The entire old town is built on top of the Roman emperor Diocletian's palace (3rd century AD). Diocletian is the ONLY Roman emperor to voluntarily step down after an extraordinarily successful career that saw him expand the empire to its all time greatest point and then divide it into two parts ruled from Byzantium (later Constantinople and now Istanbul) and from somewhere down the coast in Greece. Diocletian based himself there and not Rome because he was a historian and spotted a trend -- i.e. emperors based in Rome tended to be assassinated. Once he stepped down after appointing twin successors and assistant emperors (4 in all to rule the combined empire, all his mates), he retired to Split and became the Jimmy Carter of the 3rd century: visiting, giving advice and hosting friends. Happily according to our tour guide, Ivo, he died of natural causes, rumour has it by being starved to death by one of his disgruntled 'mates' -- couldn't work out where the natural causes bit came in. Anyway in the 7th century, the place was overrun by barbarians and everybody fled only trickling back after the bad guys left to set up in the palace itself. And that is how Split restarted and how it has become today. It is a World Heritage Site of course and the centre of everything going on there.
|First glimpse of Split's old town|
We were recommended a real Croatian restaurant near the harbour (everything is near the harbour) and had the non-fish option which was 'beef' in a rich dark sauce with home made gnocchi. Interesting.
Next we had 2 days in Dubrovnic to do laundry (it was a weekday) so drove to start with along the coast road south and then into Bosnia for 15 minutes and then back into Croatia. This is where it gets weird as the southern part of Croatia is about 150 kms along the coast and 10-15 kms maximum inland. Inland is first Bosnia, then Serbia (boo!) and finally Montenegro (formerly boo! but now OK just about). During the 1990's war Croatia's army was all in the north and Serbia/Montenegro sent their 10,000 troops against Dubrovnic but forgot all about Napoleon Bonaparte.
The furthest south Old Boney had made it was Dubrovnic which then was surrounded on all sides by the Ottomans that he had pummeled to bits in Egypt and Palestine 10 years earlier. Well they weren't exactly there as there was/is nothing there other than endless ridges and mountain ranges. He chose the highest one above Dubrovnic to site a fort as the defence line for the city and region and just like everything related to stuff like this, he chose well. Scroll forward to 1991 with 10,000 Serbs etc coming up and down over the ridges and mountains, with artillery and air support and the tiny militia garrison sitting in this fort held them off throughout the winter offensive. In this day and age I don't know why this could happen as the fort is isolated and they had few weapons. Ivo said it was because the Serbs wanted to make a point that they "could" take Dubrovnic if they really wanted to, but ...
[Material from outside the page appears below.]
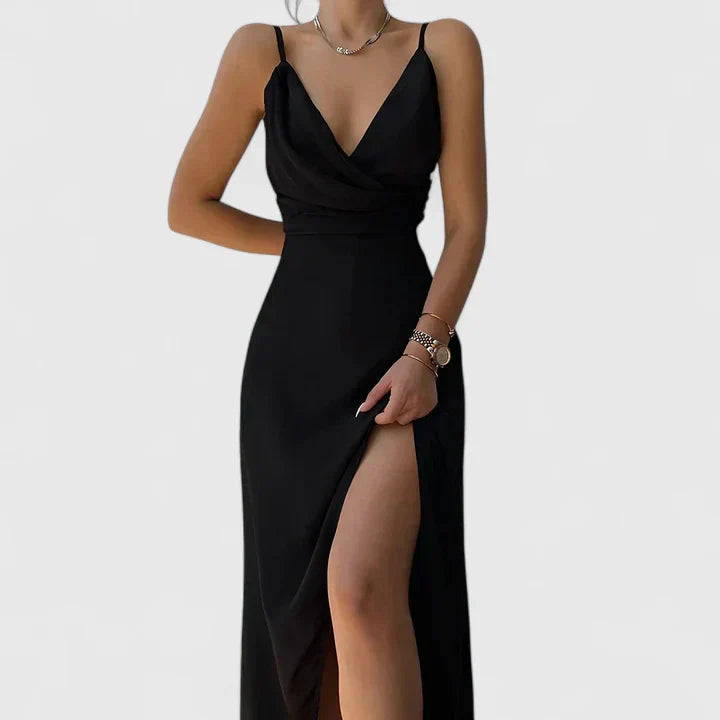 Thaliora | Elegant Dress Clara Monroe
We stayed out of town and with Ali's football played some one on one, swam and generally gloried in Dubrovnic. We did a bus tour, cable car (up to the fort and museum) and walking tour around the amazing walls. Great, just great.
|Dubrovnic old town from Boney's port... pretty darn strategic, I'd say|
Next stop Montenegro (spit, "what do you want to go there for?") and part of the UK Melvin clan.